Senator Amy Klobuchar asked whether "TikTok's algorithm can push young users into content glorifying eating disorders, drugs, violence[?]”

The answer? According to Michael Beckerman, a vice president and head of TikTok public policy in the Americas, a recent Wall Street Journal article [link in comments below] referred to by Klobuchar did not represent an "authentic experience" that a user would have.

The declarations of good intentions have a hollow ring. Younger users shape tomorrow's consumer habits, as every marketer knows. Their attention is gold dust.


The power of AI, like processing power on a chip, keeps rising exponentially. There is now more powerful technology and more profound and cutting-edge R&D directed at addicting us than achieving any other effect. Yes, the executives protest that they are working on improvements.

Like Hamlet's mother, they protest too much.

Facebook executives know their products are harming children. Facebook now faces a separate probe – from the Federal Trade Commission [link below] – into its internal research that showed that Instagram boosted eating disorders in young people. The whistle-blower, Sophie Zhang, has stated that she found that Facebook had a culture of neglect for its abuses and problems – that the company always “waited for things to get dire before taking any action.”

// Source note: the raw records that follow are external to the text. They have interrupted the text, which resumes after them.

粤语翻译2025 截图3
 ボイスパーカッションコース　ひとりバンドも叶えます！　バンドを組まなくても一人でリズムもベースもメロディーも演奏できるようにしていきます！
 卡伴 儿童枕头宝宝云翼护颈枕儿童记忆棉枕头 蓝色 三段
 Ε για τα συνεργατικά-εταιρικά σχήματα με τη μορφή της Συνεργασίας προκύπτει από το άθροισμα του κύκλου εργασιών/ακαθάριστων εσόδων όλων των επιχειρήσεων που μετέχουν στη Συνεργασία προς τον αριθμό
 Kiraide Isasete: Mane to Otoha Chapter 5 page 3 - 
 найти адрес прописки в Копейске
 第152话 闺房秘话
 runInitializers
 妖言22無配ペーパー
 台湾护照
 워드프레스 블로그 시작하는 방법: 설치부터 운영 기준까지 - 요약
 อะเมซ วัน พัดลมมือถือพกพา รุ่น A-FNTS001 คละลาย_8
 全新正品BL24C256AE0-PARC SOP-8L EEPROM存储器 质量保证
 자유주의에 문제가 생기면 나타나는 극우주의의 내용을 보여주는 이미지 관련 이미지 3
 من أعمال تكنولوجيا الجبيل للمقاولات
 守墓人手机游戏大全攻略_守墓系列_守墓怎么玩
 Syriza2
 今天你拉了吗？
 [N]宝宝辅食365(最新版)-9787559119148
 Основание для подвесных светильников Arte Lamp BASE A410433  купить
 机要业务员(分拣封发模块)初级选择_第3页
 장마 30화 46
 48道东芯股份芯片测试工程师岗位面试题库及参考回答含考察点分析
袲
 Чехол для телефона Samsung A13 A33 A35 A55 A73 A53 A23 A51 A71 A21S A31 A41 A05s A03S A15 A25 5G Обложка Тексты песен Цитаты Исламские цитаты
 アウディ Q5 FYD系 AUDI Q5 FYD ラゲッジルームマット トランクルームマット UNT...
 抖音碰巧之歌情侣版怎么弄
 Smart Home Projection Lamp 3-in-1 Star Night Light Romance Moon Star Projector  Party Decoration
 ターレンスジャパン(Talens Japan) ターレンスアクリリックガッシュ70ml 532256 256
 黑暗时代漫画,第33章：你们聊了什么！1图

Facebook’s founder Mark Zuckerberg was hauled into congress before – on several occasions, to answer questions about privacy, the company’s intentions to off financial services and many details of potential abuse of customers, children and society. He will now be called to do so again. When will we address these effects as destructive, as evil when they are such, and not simply matters of dishonest commerce? The tools are laying waste to the mental equilibrium of a generation of children.

Finally, as the well-known observation has it, we may consider the consumers are themselves the product, exposed to all the exploitation and erosion of personality that the Internet can create.

In the E.U., in Ireland, we can find jobs listings for Alphabet, ByteDance and Facebook. These parent companies are showing how responsible they are. We find jobs like 'Emergency Response Triage Specialist' at TikTok, where one is to "ensure user safety."

What does the job involve?

"Be aware of and willing to operate in a work environment with sensitive content that includes child exploitation, graphic violence, self-injury and suicide, and other content which may be considered offensive or disturbing."

They protest too much. At what moment will we replace "calls for better regulation" with a forceful rejection of what isn't working? It is clear that they will never provide the answer themselves.

Alphabet, Google parent, recorded its highest profits from Google and fastest growth in a decade last quarter. The 38-year old founder of ByteDance, parent of TikTok, is now China's richest man. These parents are doing a lousy job.

And it's time to take responsibility away from them.